Lelaki akan keluar dari tempat mereka berkumpul dan berburu mencari hewan buruan untuk makan. Wanita akan menetap karena memiliki kewajiban mengandung dan merawat anak. Namun, wanita yang dibekali akal yang sama dengan pria ini akan ‘bekerja’ pula sembari menunggu. Merekalah yang membuat rancangan rumah, perkakas dan perabot, serta memulai bercocoktanam!
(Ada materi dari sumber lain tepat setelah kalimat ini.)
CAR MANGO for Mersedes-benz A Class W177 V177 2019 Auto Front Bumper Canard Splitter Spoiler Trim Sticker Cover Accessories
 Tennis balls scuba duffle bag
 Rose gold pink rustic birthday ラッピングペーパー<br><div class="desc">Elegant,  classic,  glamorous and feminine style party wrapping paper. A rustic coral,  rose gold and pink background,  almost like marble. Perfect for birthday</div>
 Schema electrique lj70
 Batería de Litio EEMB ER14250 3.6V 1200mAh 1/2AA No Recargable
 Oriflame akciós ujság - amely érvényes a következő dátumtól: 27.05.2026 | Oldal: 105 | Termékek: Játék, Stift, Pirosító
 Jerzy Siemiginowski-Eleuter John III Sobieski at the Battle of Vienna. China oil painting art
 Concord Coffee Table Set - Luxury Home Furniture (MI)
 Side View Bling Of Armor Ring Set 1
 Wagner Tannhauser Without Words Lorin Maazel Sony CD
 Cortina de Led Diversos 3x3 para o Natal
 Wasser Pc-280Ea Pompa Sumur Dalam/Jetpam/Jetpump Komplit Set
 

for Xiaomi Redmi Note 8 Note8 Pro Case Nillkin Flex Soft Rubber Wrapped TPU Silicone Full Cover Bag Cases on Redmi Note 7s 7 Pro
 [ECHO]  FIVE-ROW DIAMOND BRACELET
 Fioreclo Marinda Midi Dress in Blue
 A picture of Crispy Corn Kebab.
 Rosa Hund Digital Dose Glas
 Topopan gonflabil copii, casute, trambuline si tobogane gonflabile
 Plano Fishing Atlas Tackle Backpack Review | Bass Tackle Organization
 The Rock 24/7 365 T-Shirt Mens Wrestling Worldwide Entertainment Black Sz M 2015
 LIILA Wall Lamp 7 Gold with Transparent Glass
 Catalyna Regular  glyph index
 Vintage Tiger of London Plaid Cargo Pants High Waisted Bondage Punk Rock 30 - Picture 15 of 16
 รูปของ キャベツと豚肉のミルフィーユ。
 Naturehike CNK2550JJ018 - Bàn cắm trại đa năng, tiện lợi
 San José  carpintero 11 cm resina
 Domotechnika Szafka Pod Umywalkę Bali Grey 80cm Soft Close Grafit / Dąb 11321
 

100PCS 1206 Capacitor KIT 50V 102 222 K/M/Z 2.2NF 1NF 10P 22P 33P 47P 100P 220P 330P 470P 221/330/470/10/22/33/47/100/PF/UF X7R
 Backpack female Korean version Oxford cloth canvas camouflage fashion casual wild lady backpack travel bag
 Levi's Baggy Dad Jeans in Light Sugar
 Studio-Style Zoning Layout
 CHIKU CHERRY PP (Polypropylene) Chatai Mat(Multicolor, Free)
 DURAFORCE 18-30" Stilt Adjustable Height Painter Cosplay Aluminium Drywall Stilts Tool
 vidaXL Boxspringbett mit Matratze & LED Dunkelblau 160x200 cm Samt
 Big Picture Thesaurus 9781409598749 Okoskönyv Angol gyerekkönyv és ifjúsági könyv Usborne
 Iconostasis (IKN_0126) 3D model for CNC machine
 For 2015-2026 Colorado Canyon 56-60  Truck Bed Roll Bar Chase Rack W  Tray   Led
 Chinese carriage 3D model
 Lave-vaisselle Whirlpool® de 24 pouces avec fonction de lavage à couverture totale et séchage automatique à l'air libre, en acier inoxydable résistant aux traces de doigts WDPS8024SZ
Setelah dirasa bercocoktanam lebih menentu, banyak lelaki yang berhenti berburu serta membantu kaum wanita untuk bercocok tanam. Saat itu wanita lebih unggul dari lelaki karena mereka memimpin per-cocok-tanam-an. 

Lama kelamaan bercocoktanam jadi milik lelaki. Lelaki juga merambah ke arah beternak hewan-hewan buruan yang didapat dalam keadaan hidup. Wanita kembali ke rumah dan mengurus anak. Lelaki menjadi lebih sadar untuk memperbanyak kekayaan. Mereka memikirkan untuk siapa kekayaan mereka kalau mereka pergi. Akhirnya mereka memilih satu wanita secara pasti supaya ia mendapat anak darinya dan dapat mewariskan kekayaannya pada anaknya. Sejak saat itu, lelaki kembali memimpin kehidupan.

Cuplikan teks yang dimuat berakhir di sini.